Critiquées pour leur brutalité envers les manifestants, les forces de l’ordre de l’Hexagone boudent les logiques de « désescalade » appliquées depuis des décennies en Allemagne, au Royaume-Uni et dans les pays scandinaves. Pourquoi cet isolement français ?

Des jeunes assis par terre, les mains sur la tête, sous la surveillance des forces de l’ordre ; des arrestations musclées réalisées par des policiers aux allures de Robocop ; des centaines de gardes à vue qui ne donnent lieu à aucune poursuite ; des gendarmes armés de lanceurs de balles de défense (LBD) qui circulent en quad au milieu de la foule et deux manifestants dans le coma pendant des semaines : chez les défenseurs des droits de l’homme, le maintien de l’ordre déployé après l’utilisation du 49.3 lors des manifestations contre la réforme des retraites et la mégabassine de Sainte-Soline (Deux-Sèvres) a engendré une franche inquiétude – en France comme à l’étranger.

Le rapporteur spécial des Nations unies sur le droit de réunion pacifique et d’association, Clément Voule, a mis en garde le gouvernement contre un « usage excessif de la force », tandis que la commissaire aux droits de l’homme du Conseil de l’Europe, Dunja Mijatovic, estimait que les libertés d’expression et de réunion s’exerçaient, en France, dans des conditions « préoccupantes »Les instances hexagonales ne sont guère plus indulgentes : la Défenseure des droits, Claire Hédon, dénonce des situations « inacceptables », et la Commission nationale consultative des droits de l’homme (CNCDH) des « dérives » dans le maintien de l’ordre.

Aux Nations unies comme au Conseil de l’Europe, à la CNCDH comme chez la Défenseure des droits, nul ne conteste que certains manifestants ont activement participé aux affrontements avec la police, voire les ont déclenchés.
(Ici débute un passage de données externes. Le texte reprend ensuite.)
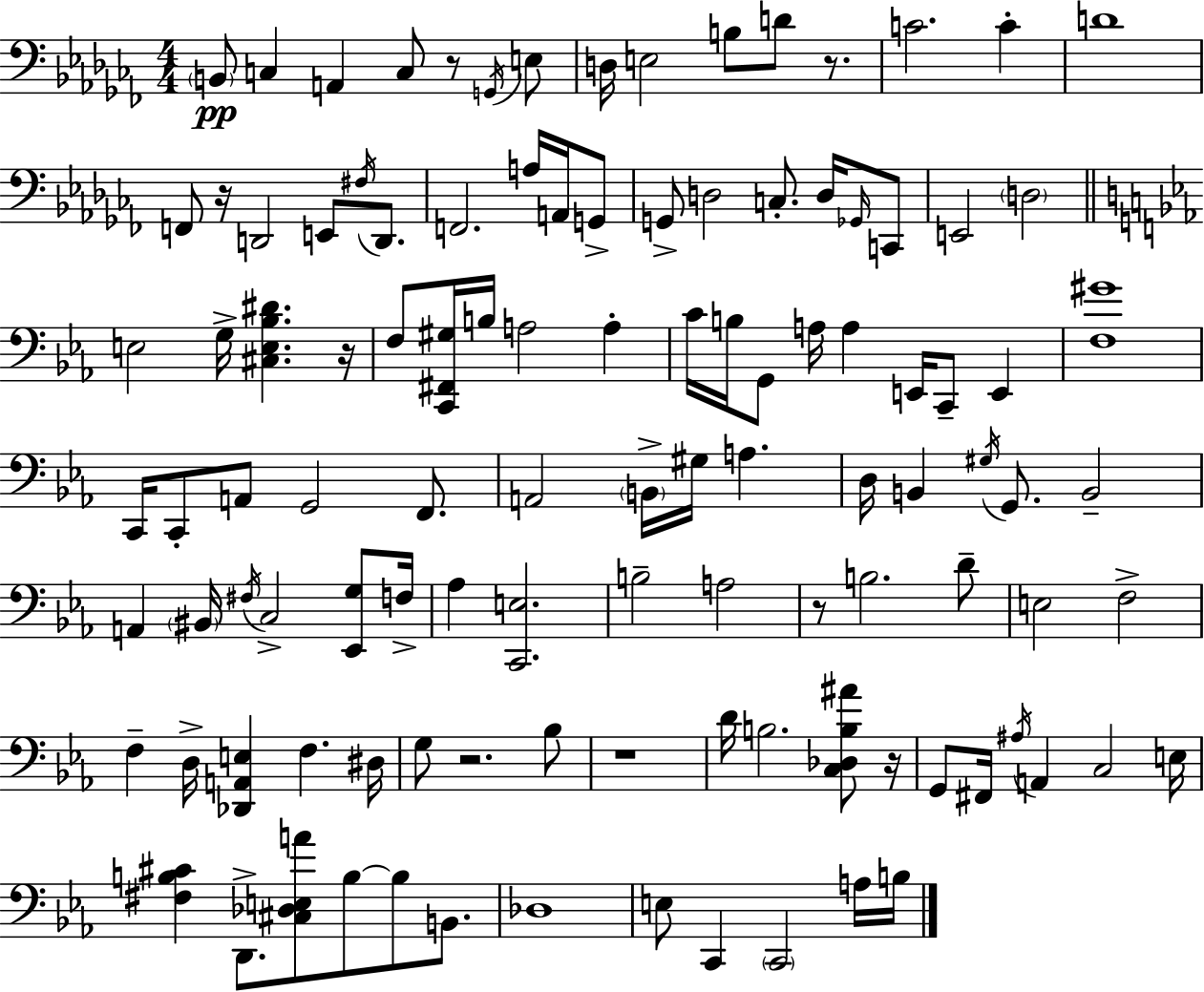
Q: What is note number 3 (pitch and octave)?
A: A2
Mais si Gérald Darmanin, le ministre de l’intérieur, clame que les forces de l’ordre ont le monopole de la « violence légitime », selon les mots du sociologue allemand Max Weber (1864-1920), elles sont tenues de respecter le « droit d’expression collective des idées et des opinions », consacré en 1995 par le Conseil constitutionnel. Dans un Etat de droit, rappelle la CNCDH, l’usage de la force doit être « absolument nécessaire » et « strictement proportionné » – et, en France, ce n’est pas toujours le cas.
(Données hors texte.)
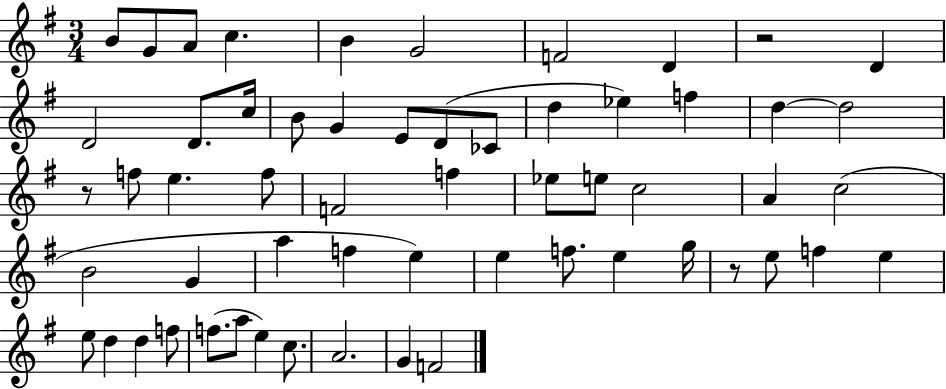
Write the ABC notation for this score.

X:1
T:Untitled
M:3/4
L:1/4
K:G
B/2 G/2 A/2 c B G2 F2 D z2 D D2 D/2 c/4 B/2 G E/2 D/2 _C/2 d _e f d d2 z/2 f/2 e f/2 F2 f _e/2 e/2 c2 A c2 B2 G a f e e f/2 e g/4 z/2 e/2 f e e/2 d d f/2 f/2 a/2 e c/2 A2 G F2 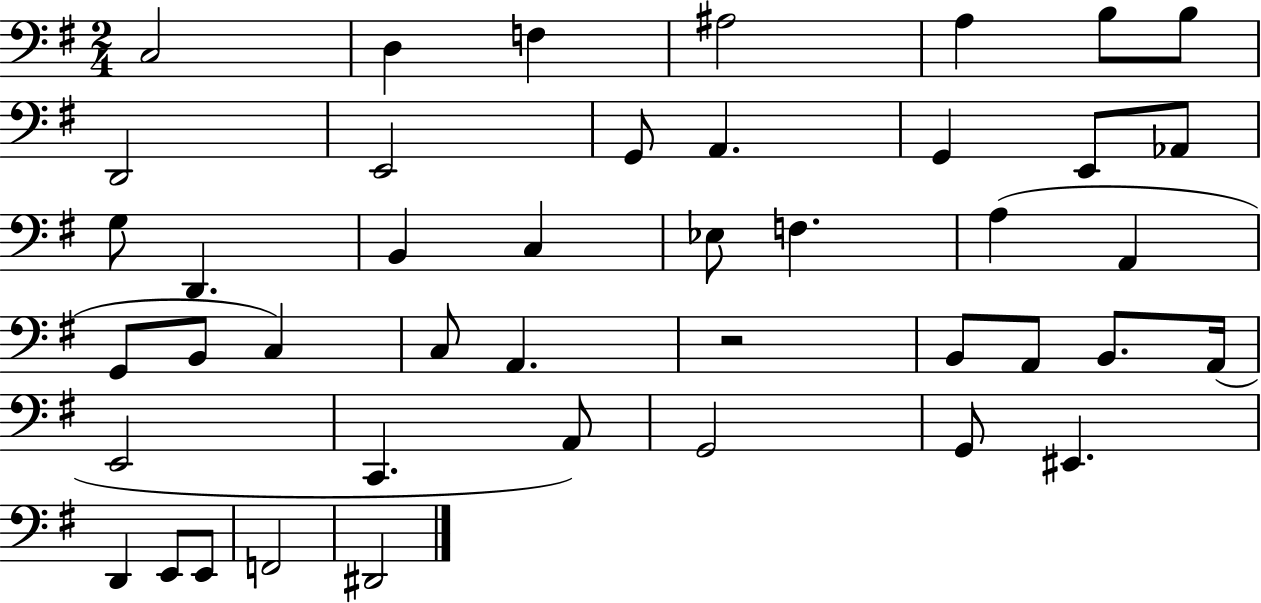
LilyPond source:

{
  \clef bass
  \numericTimeSignature
  \time 2/4
  \key g \major
  c2 | d4 f4 | ais2 | a4 b8 b8 | \break d,2 | e,2 | g,8 a,4. | g,4 e,8 aes,8 | \break g8 d,4. | b,4 c4 | ees8 f4. | a4( a,4 | \break g,8 b,8 c4) | c8 a,4. | r2 | b,8 a,8 b,8. a,16( | \break e,2 | c,4. a,8) | g,2 | g,8 eis,4. | \break d,4 e,8 e,8 | f,2 | dis,2 | \bar "|."
}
Des armes interdites ailleurs

Le maintien de l’ordre « à la française », qui s’exportait si bien dans les années 1990, a-t-il pris, dans les années 2000, un virage répressif ? Tourne-t-il aujourd’hui le dos au mouvement de « désescalade » engagé depuis des décennies par les polices allemande, anglaise ou scandinave ? La réponse à ces questions ne fait guère de doute : les chercheurs qui travaillent sur la gestion des foules protestataires constatent tous un raidissement français – une approche « confrontationnelle » pour Sebastian Roché, « chaotique » pour Aurélien Restelli, « musclée » pour Jacques de Maillard, ou encore « brutale » pour Olivier Fillieule et Fabien Jobard.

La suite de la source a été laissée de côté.